Not a shred of evidence
In 2014 Detective Superintendent Kenny McDonald kicked off Operation Midland with his now infamous public appeal in which he asserted that Nick’s account was both ‘credible and true’. The human rights law Geoffrey Robertson QC, who is advising Proctor, criticised the watchdog for its ‘abject failure’ to condemn the officers behind the claim at a time when ‘they knew his allegations were not only incredible and inconsistent but there was not a shred of evidence to confirm them’.

‘To assert, and to leave that assertion on the record for 9 months, that his allegations were true, amounted to a public declaration by Scotland Yard that distinguished men were guilty of the vilest crimes of murder and rape of children.

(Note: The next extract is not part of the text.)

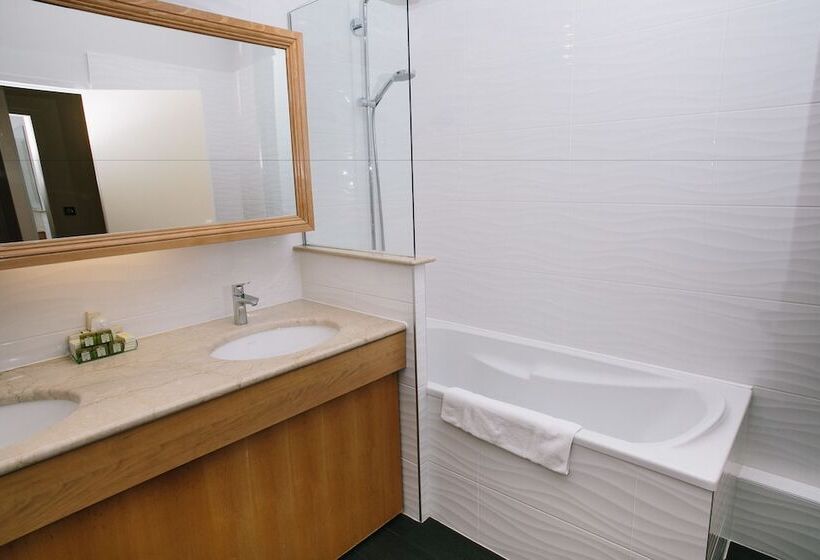 ファミリールーム, Le Relais Du Roy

To fail to condemn this police misbehaviour in the strongest terms and at the first opportunity, is a dereliction of duty.’
Geoffrey Robertson QC

Proctor’s solicitor, Mark Stephens, said that examination of the search warrant application showed that police had withheld information from district judge Howard Riddle which would ‘almost certainly’ have caused him to reject the application. ‘For example, not only do they airbrush over the inconsistent story told by Beech to Wiltshire Police in 2012, but they deliberately withheld the allegation that Edward Heath was an active participant in parties where small children were sexually abused,’ he said; adding that the former prime minister ‘would have been a red flag for the judge who would know that the former Prime Minister was being guarded around the clock by special branch for fear of reprisal by the IRA and would not have granted the warrant’.

Robertson pointed out that ‘the Achilles’ heel of civil liberties in Britain’ was the fact that applications for warrants are ‘shrouded in secrecy’. ‘They are never recorded or transcribed in any way so police can get away with misleading the court and even telling lies – because there is no record they would never be held accountable,’ he added.